*** Opening of Input data ***

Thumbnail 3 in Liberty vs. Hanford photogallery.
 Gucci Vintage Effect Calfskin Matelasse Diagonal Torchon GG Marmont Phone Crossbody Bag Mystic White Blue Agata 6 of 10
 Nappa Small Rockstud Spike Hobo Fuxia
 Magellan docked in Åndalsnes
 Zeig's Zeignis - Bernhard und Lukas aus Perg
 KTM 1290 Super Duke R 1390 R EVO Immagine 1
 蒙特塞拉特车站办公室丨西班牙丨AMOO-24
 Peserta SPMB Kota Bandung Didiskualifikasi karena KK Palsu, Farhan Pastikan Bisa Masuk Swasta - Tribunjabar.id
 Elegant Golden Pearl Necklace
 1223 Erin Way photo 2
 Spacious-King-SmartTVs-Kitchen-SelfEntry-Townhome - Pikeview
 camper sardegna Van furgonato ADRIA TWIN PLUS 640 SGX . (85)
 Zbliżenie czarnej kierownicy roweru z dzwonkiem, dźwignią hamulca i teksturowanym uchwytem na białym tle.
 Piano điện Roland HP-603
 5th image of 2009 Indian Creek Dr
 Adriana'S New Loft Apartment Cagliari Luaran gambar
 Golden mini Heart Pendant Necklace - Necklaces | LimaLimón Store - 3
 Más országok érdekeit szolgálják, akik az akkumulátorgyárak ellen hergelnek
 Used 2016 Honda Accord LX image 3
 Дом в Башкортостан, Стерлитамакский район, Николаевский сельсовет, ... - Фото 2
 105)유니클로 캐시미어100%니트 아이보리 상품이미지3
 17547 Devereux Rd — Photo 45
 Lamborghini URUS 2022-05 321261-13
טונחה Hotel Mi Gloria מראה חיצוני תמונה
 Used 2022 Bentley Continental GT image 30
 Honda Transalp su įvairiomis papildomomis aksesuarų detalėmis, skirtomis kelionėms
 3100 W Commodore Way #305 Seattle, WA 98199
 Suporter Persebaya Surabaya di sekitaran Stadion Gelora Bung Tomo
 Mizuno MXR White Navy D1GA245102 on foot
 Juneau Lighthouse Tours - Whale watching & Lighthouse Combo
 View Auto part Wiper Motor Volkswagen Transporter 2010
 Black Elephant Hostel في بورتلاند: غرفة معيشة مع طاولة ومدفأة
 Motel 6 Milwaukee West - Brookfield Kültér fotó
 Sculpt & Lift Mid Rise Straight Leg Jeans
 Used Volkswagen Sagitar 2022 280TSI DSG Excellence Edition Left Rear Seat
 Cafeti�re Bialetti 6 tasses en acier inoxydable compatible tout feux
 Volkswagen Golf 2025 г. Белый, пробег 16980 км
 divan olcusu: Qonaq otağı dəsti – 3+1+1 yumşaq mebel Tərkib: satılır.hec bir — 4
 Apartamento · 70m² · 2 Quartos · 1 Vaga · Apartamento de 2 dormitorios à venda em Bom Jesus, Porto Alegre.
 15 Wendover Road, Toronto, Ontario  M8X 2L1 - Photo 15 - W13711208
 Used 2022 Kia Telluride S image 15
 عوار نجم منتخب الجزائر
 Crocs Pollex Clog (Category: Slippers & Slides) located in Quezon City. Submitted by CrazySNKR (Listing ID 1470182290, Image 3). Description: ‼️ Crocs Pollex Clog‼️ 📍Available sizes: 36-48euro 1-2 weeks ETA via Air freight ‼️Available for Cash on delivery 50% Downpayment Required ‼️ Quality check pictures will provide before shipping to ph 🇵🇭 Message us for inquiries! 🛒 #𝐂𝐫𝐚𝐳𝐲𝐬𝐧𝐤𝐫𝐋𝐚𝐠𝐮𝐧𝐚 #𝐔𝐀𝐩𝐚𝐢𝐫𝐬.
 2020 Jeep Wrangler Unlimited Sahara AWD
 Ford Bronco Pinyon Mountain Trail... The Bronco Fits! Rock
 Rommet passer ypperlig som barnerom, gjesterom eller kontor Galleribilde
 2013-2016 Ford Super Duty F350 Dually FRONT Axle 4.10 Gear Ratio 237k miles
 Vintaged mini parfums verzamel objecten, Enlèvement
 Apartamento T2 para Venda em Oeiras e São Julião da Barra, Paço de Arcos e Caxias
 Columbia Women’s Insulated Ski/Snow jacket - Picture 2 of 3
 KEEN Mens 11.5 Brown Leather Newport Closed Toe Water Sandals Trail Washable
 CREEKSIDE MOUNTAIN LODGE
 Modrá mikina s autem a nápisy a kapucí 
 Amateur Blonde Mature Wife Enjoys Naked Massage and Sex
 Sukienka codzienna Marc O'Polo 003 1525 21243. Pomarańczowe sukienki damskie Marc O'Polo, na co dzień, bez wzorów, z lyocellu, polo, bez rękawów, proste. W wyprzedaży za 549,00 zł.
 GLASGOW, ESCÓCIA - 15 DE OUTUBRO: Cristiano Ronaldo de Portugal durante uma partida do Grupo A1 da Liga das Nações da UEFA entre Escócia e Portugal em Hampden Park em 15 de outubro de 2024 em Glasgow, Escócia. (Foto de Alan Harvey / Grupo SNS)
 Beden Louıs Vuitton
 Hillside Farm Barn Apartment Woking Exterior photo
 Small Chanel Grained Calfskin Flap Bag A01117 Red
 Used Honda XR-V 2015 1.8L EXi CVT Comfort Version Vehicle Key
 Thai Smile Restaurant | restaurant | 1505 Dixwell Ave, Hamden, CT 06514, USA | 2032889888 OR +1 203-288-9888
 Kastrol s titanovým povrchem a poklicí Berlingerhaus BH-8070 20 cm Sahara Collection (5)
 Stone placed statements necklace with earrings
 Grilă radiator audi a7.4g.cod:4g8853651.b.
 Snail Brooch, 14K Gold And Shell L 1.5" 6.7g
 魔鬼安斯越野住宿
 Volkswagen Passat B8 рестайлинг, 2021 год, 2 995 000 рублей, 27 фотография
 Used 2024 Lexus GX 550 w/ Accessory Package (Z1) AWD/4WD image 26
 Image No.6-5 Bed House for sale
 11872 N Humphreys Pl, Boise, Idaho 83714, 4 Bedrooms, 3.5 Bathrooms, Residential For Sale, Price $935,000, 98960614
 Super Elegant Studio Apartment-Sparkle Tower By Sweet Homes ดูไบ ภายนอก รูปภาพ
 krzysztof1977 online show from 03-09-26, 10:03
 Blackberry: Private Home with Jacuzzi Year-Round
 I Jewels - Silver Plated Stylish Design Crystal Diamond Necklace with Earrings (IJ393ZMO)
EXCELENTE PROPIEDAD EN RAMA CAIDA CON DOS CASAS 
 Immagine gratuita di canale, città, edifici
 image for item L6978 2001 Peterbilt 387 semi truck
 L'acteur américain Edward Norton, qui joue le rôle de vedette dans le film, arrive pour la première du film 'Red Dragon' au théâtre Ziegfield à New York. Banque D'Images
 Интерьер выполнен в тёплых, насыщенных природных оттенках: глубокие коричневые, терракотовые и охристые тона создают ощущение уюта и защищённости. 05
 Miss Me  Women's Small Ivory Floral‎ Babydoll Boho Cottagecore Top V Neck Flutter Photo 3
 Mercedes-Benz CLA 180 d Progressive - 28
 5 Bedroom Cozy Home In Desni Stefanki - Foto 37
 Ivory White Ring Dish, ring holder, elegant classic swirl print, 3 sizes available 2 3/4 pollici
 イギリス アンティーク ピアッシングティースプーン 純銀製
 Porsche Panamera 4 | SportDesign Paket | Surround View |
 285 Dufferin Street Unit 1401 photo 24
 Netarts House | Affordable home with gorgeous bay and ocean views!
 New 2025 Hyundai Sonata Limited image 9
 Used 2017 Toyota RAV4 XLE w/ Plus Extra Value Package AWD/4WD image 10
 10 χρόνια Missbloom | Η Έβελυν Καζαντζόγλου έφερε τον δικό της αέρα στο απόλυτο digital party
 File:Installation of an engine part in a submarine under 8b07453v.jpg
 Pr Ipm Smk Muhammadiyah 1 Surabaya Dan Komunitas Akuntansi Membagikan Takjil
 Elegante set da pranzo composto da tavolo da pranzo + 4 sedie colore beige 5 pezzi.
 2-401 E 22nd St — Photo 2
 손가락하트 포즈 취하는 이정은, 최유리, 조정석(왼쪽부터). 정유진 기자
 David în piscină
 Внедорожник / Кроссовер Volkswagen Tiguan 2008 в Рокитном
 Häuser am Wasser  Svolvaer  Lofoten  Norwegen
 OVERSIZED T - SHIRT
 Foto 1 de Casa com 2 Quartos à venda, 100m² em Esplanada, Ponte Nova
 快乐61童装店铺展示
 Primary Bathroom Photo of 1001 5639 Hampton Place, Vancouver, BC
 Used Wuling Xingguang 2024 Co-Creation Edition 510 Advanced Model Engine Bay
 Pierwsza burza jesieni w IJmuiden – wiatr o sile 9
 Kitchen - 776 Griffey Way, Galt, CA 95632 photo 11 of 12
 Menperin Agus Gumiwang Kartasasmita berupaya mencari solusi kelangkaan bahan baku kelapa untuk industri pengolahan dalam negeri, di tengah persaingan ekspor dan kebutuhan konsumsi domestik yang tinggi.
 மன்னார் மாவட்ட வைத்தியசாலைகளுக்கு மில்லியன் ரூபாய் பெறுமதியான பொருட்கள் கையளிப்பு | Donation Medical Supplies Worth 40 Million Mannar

*** Close of Input data ***

# Task description:
Would you output, from the records above, exactly the run of lines that starts at the line containing "Lamborghini URUS 2022-05 321261-13" and ends at the line containing "Mizuno MXR White Navy D1GA245102 on foot", and only that run?

# Response box:
 Lamborghini URUS 2022-05 321261-13
טונחה Hotel Mi Gloria מראה חיצוני תמונה
 Used 2022 Bentley Continental GT image 30
 Honda Transalp su įvairiomis papildomomis aksesuarų detalėmis, skirtomis kelionėms
 3100 W Commodore Way #305 Seattle, WA 98199
 Suporter Persebaya Surabaya di sekitaran Stadion Gelora Bung Tomo
 Mizuno MXR White Navy D1GA245102 on foot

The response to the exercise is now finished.